When a party accepts the fiduciary duty on behalf of another party, they are required to act in the best interest of the principal, the party whose assets they are managing. This is what is known as a “prudent person standard of care.” The prudent-person rule requires that a person acting as fiduciary is required to act first and foremost with the needs of beneficiaries in mind. Strict care must be taken to ensure no conflict of interest arises between the fiduciary and their principal.

In other words, the fiduciary is expected to manage the assets for the benefit of the other person, rather than for their own profit, and cannot benefit personally from their management of assets.

In addition, your relationship with your mother, and the manner in which you control and dissipate her assets are also governed by the California Probate Code.

Some Probate Code sections have provisions that are punitive in nature and are designed to keep fiduciaries and others dealing with trust property in line.

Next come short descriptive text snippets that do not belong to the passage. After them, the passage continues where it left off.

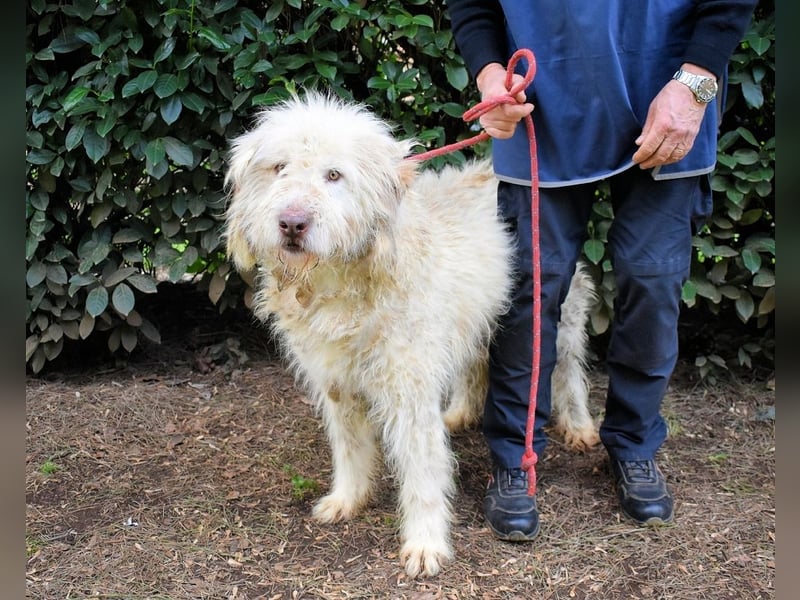 Menodoro - Einfach groß(artig)!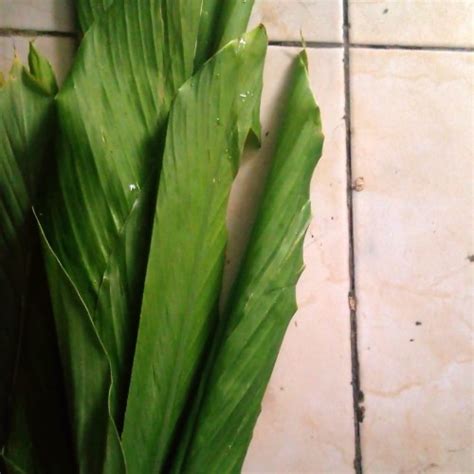 Daun Kunyit In English File Centipede Plant Homalocladium Platycladum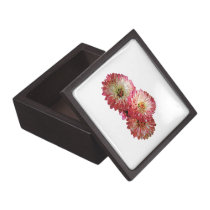 Pale Pink Mums premium gift boxes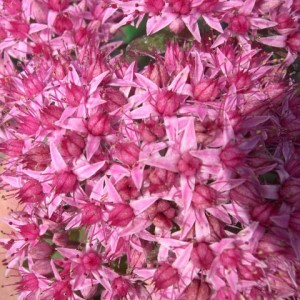Седум Cloud Walker sedum_cloud_walker_2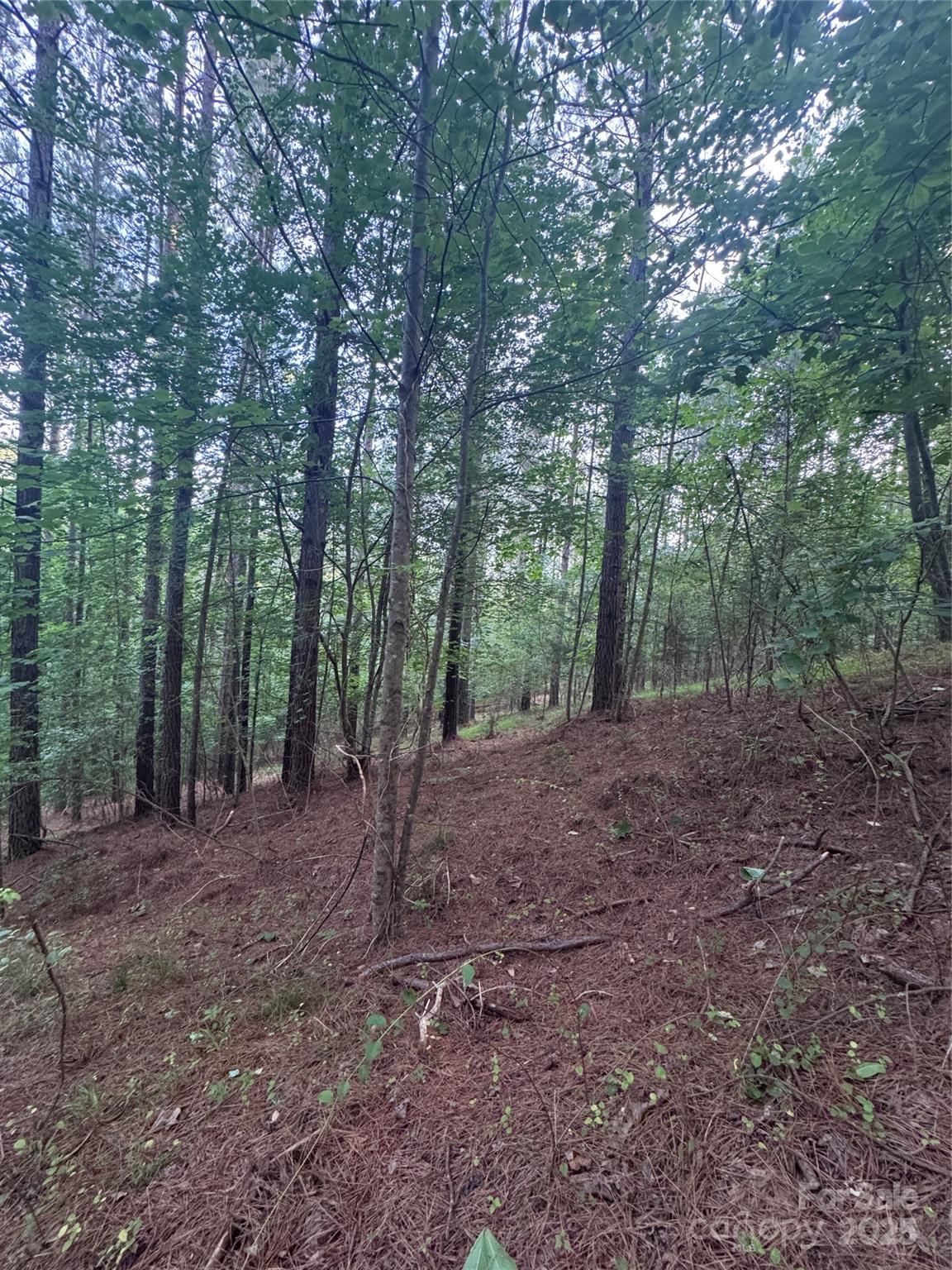 0 Clearwater Parkway, Unit 203 Rutherfordton, NC 28139 - Photo 25 of 27 a view of a forest with trees in the background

These statutes have sharp teeth.

Take, for example, California Probate Code § 859, which concerns property taken from a trust, an estate, a minor, an elder, or other vulnerable persons through the use of undue influence, in bad faith, or through the commission of financial elder abuse.

If someone steals money or property from a trust or estate,  California Probate Code § 850 allows the complaining party to ask the Superior Court to order the thief to give the money or property back.  To discourage such theft, Probate Code section 859 provides that the wrongdoer “shall be liable for twice the value of the property recovered,” and may be liable for legal expenses incurred to recover the property, if the complaining party can prove the wrongdoer took the asset in bad faith, through undue influence, or through the commission of financial elder abuse.

In California, financial elder abuse laws apply to anyone 65 or older regardless of whether they have any diminished physical or mental capacity.

Financial elder abuse is defined as: when any person or entity “takes, secrets, appropriates, obtains or retains real or personal property of an elder for a wrongful use or with intent to defraud.”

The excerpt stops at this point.